Let's create a naive line search algorithm to get the basic intuition with the preceeding items address as the following:

1. Initialization point - algo input
2. Step size - algo inpu
3. Direction - computed via gradient of the objective function
4. Terminal condition - algo input as number of iterations

In [2]:
def naive_line_search(objective_function, initial_point, step_size, iterations):
    '''
    returns arguments which identifies local minima of given objective function given 
        initial points, 
        step size, 
        and iterations
    '''
    
    x = np.array([float(i) for i in initial_point])
    i = 0
    
    while i < iterations:
        
        gradient = np.array(grad(objective_function)(x))*-1 # descent direction determined by negative gradient
        unit_direction = gradient/np.linalg.norm(gradient) # desecnt direction factor effect minized to unit vector
        x = list(x + unit_direction*step_size) # x is updated with x + step_size*direction
        
        i += 1
        
    return x

With the above naive function, lets try the algorithm on f(x,y) = x^2 + y^2 where the minimum is at (0,0).

In [3]:
def obj_fn(x):
    return x[0]**2 + x[1]**2

naive_line_search(obj_fn, [10, 5], 0.01, 2000)

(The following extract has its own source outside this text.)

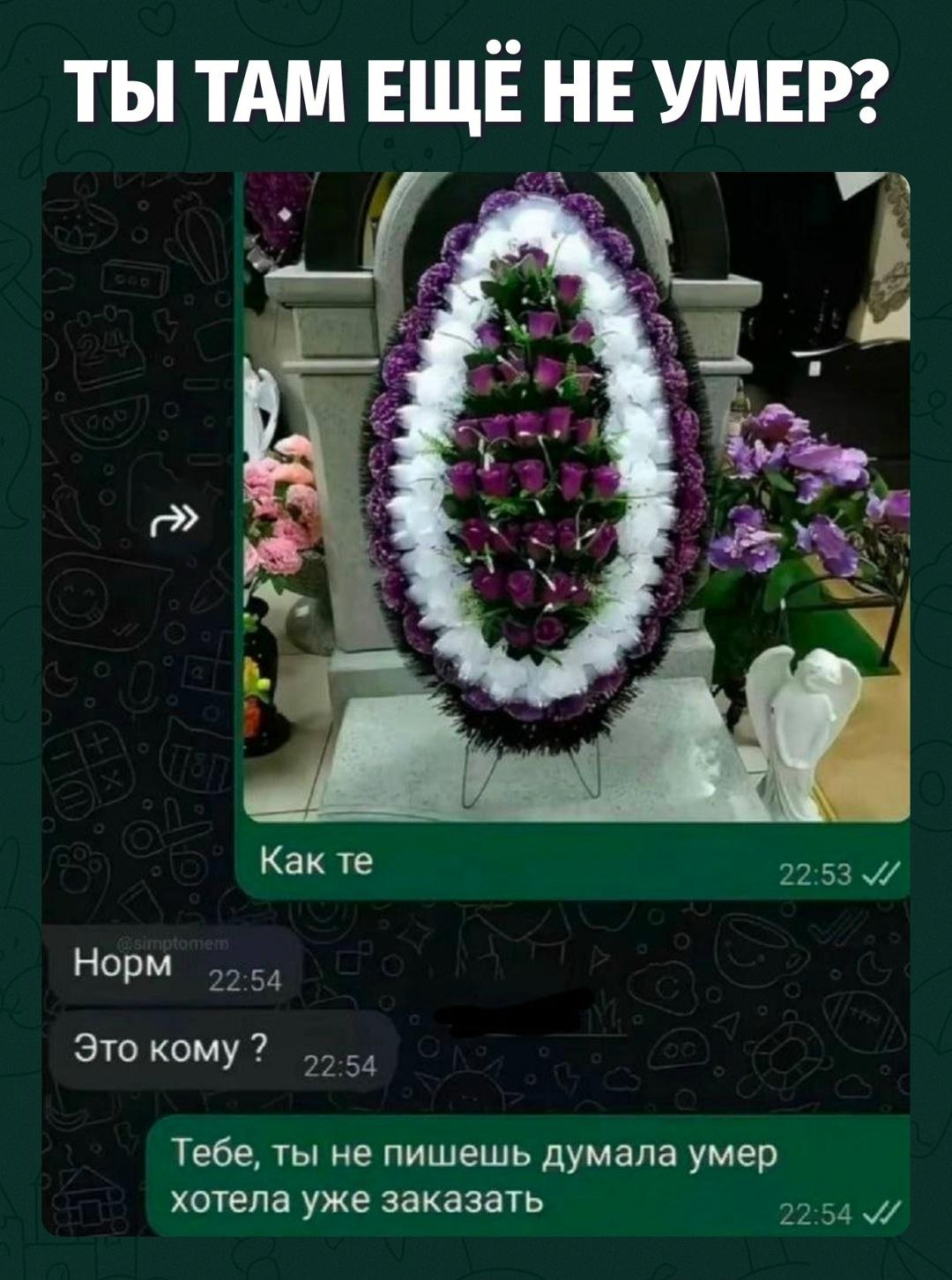 Не пишешь — значит, пора встречать тебя у крематория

[0.0003040046208548086, 0.0001520023104274043]

We see that this is subsequently really close, lets see what happens if we were to change some parameters.

In [4]:
naive_line_search(obj_fn, [37, 50], 0.01, 2000)

[25.103139891794168, 33.92316201594099]

In [5]:
naive_line_search(obj_fn, [37, 50], 1, 2000)

[0.11973366456175838, 0.16180224940778176]

In [6]:
naive_line_search(obj_fn, [37, 50], 2, 2000)

[-1.0699523462588483, -1.4458815489984427]

In [7]:
naive_line_search(obj_fn, [37, 50], 1, 100)

[0.11973366456175838, 0.16180224940778176]

In [8]:
naive_line_search(obj_fn, [37, 50], 2, 100)

[-1.0699523462588483, -1.4458815489984427]

In [9]:
naive_line_search(obj_fn, [370, 400], 0.01, 2000)

[356.4191603676318, 385.3180112082782]

So we notice here that the results greatly depend on parameters fed into the algorithm. Which sort of implies, that this is a guessing game if the nature of the objective function is not already known. Is there some way we can optimize the algorithm to limit the amount of parameters needed?

Let's try setting a terminal/stopping condition instead of a manual input of iterations.

In [10]:
def self_terminating_line_search(objective_function, initial_point, step_size):
    '''
    returns arguments which identifies local minima of given objective function given 
        initial points, 
        step size
    '''
    
    x0 = np.array([float(i) for i in initial_point])
    stop = False
    
    while stop == False:
        
        gradient = np.array(grad(objective_function)(x0))*-1 # descent direction determined by negative gradient
        unit_direction = gradient/np.linalg.norm(gradient) # desecnt direction factor effect minized to unit vector
        x = list(x0 + unit_direction*step_size) # x is updated with x + step_size*direction
        
        if objective_function(x0) <= objective_function(x):
            stop = True #stop "searching" if the results of the next input values is bigger or equal to the previous input value
        else:
            x0 = x
        
    return x

In [11]:
%%time
self_terminating_line_search(obj_fn, [37, 50], 0.01)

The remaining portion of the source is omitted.